Radek provided the pretext for the purge on massive scale with his testimony that there was a “third organization separate from the cadres which had passed through [Trotsky’s] school” as well as “semi-Trotskyites, quarter-Trotskyites, one-eighth-Trotskyites, people who helped us, not knowing of the terrorist organization but sympathizing with us, people who from liberalism, from a Fronde against the Party, gave us this help.”
By the third organization, he meant the last remaining former opposition group called Rightists led by Bukharin, whom he implicated by saying: “I feel guilty of one thing more: even after admitting my guilt and exposing the organisation, I stubbornly refused to give evidence about Bukharin. I knew that Bukharin’s situation was just as hopeless as my own, because our guilt, if not juridically, then in essence, was the same. But we are close friends, and intellectual friendship is stronger than other friendships. I knew that Bukharin was in the same state of upheaval as myself. That is why I did not want to deliver him bound hand and foot to the People’s Commissariat of Home Affairs. Just as in relation to our other cadres, I wanted Bukharin himself to lay down his arms.”

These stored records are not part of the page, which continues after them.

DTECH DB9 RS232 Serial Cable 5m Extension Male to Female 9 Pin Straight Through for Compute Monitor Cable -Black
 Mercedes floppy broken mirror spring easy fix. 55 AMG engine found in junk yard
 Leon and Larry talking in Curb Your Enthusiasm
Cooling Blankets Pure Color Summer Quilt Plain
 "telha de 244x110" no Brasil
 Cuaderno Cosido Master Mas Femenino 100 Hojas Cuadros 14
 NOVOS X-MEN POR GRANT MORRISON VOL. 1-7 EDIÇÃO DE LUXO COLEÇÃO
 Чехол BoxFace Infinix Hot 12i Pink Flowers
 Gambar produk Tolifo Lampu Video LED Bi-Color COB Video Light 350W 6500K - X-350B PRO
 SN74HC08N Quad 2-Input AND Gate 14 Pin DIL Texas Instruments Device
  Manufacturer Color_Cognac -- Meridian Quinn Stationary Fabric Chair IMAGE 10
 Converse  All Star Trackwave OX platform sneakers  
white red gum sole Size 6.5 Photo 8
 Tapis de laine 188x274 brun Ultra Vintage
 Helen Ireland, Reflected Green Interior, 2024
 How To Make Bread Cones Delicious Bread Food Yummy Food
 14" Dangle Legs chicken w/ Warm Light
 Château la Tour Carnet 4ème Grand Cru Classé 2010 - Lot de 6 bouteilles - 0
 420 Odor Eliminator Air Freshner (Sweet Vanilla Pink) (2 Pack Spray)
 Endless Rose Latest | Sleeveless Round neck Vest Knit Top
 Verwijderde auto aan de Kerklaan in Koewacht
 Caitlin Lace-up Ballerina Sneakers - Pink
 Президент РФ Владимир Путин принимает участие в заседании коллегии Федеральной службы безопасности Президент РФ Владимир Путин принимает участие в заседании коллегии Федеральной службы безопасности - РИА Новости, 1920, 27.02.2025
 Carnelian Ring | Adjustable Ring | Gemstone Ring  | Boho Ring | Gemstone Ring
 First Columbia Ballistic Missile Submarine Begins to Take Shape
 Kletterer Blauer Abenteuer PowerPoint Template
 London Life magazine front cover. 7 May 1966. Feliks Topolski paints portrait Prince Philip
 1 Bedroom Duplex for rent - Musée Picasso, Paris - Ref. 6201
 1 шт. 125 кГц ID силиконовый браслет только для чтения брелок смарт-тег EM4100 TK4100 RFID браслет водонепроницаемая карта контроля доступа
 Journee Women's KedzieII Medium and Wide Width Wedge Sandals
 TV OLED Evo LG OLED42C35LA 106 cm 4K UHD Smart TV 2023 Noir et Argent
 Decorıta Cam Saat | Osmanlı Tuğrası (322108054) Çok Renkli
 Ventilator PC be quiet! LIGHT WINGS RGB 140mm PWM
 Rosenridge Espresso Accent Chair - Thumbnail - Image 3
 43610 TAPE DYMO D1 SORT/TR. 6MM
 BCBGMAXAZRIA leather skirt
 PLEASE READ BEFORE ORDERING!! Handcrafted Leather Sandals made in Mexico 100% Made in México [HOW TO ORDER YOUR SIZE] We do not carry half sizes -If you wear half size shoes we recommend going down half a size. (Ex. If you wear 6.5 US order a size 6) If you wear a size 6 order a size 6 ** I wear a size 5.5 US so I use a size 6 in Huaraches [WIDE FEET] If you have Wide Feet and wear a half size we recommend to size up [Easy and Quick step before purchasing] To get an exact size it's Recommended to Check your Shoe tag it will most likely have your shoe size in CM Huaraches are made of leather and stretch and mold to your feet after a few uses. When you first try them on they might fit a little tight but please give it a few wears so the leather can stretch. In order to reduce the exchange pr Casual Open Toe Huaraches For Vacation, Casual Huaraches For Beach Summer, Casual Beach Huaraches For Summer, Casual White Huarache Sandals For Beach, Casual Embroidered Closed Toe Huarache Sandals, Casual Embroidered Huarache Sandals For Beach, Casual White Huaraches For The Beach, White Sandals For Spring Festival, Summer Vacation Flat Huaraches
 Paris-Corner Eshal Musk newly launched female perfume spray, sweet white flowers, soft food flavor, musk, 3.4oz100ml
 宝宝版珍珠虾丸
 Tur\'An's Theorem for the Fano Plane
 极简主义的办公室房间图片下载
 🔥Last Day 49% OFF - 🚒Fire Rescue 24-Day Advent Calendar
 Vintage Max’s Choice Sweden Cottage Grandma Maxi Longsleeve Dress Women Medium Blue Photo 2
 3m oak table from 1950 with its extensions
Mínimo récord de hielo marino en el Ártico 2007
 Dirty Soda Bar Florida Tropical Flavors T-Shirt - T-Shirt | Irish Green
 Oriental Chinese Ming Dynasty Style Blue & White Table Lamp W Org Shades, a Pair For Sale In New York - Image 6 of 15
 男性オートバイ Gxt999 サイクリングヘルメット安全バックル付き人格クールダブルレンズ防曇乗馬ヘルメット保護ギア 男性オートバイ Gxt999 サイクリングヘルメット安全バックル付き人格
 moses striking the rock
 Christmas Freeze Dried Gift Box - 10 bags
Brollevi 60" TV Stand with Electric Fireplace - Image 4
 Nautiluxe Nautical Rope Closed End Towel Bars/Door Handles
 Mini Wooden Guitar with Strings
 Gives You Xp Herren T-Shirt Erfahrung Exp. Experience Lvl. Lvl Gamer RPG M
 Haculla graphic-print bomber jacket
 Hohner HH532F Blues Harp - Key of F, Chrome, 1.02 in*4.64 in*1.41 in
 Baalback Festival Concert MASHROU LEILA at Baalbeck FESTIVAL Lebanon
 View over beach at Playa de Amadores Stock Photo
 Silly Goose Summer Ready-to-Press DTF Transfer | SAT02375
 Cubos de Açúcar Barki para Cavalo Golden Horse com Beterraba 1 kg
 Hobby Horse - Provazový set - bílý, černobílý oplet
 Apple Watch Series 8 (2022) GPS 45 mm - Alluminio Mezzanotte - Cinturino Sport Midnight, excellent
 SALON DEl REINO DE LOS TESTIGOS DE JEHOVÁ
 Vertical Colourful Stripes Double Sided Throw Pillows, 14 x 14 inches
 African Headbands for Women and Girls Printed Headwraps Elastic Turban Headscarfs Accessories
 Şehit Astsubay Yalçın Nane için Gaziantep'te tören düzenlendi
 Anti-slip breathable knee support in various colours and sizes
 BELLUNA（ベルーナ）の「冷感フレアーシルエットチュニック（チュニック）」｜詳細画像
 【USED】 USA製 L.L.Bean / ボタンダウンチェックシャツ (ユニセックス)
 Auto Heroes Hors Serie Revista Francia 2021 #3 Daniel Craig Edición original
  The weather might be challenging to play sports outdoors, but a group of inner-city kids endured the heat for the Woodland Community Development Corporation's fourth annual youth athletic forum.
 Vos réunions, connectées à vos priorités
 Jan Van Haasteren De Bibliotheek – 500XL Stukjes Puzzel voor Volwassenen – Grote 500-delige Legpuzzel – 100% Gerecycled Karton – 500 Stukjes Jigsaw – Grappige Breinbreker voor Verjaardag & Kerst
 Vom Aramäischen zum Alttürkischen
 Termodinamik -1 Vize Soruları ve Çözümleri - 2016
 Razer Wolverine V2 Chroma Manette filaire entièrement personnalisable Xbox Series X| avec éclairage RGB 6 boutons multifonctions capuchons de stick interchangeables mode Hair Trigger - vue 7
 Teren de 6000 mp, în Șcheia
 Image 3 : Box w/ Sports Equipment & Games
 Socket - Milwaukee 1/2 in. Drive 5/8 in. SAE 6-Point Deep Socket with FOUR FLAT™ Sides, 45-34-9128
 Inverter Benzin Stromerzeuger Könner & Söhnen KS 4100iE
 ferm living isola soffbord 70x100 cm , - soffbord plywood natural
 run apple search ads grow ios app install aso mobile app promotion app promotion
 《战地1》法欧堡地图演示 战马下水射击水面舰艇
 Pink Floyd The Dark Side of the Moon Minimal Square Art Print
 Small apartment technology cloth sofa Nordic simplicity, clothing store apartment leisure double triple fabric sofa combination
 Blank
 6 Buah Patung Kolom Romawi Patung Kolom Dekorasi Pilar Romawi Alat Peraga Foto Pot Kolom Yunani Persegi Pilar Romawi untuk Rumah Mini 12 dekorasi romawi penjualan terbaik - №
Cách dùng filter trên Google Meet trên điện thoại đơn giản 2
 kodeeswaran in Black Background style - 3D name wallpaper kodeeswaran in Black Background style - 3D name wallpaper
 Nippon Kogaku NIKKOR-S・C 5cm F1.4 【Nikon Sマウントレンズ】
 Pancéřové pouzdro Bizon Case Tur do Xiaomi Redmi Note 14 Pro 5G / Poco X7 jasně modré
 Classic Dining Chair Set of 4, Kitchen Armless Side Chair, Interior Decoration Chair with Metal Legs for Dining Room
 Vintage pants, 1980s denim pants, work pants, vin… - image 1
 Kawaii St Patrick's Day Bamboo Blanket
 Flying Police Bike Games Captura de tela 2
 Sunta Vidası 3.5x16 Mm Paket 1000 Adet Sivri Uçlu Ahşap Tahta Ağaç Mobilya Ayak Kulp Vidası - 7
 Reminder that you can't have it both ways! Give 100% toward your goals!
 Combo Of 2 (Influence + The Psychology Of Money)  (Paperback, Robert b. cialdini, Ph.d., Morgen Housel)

At the time, many Western observers who attended the trials said that they were fair and that the guilt of the accused had been established. They based this assessment on the confessions of the accused, which were freely given in open court, without any apparent evidence that they had been extracted by torture or drugging. Joseph E. Davies, the U.S. ambassador, wrote in Mission to Moscow:
In view of the character of the accused, their long terms of service, their recognized distinction in their profession, their long-continued loyalty to the Communist cause, it is scarcely credible that their brother officers…should have acquiesced in their execution, unless they were convinced that these men had been guilty of some offense.* It is generally accepted by members of the Diplomatic Corps that the accused must have been guilty of an offense which in the Soviet Union would merit the death penalty.


 

The Bukharin trial six months later developed evidence which, if true, more than justified this action. Undoubtedly those facts were all full known to the military court at this time.”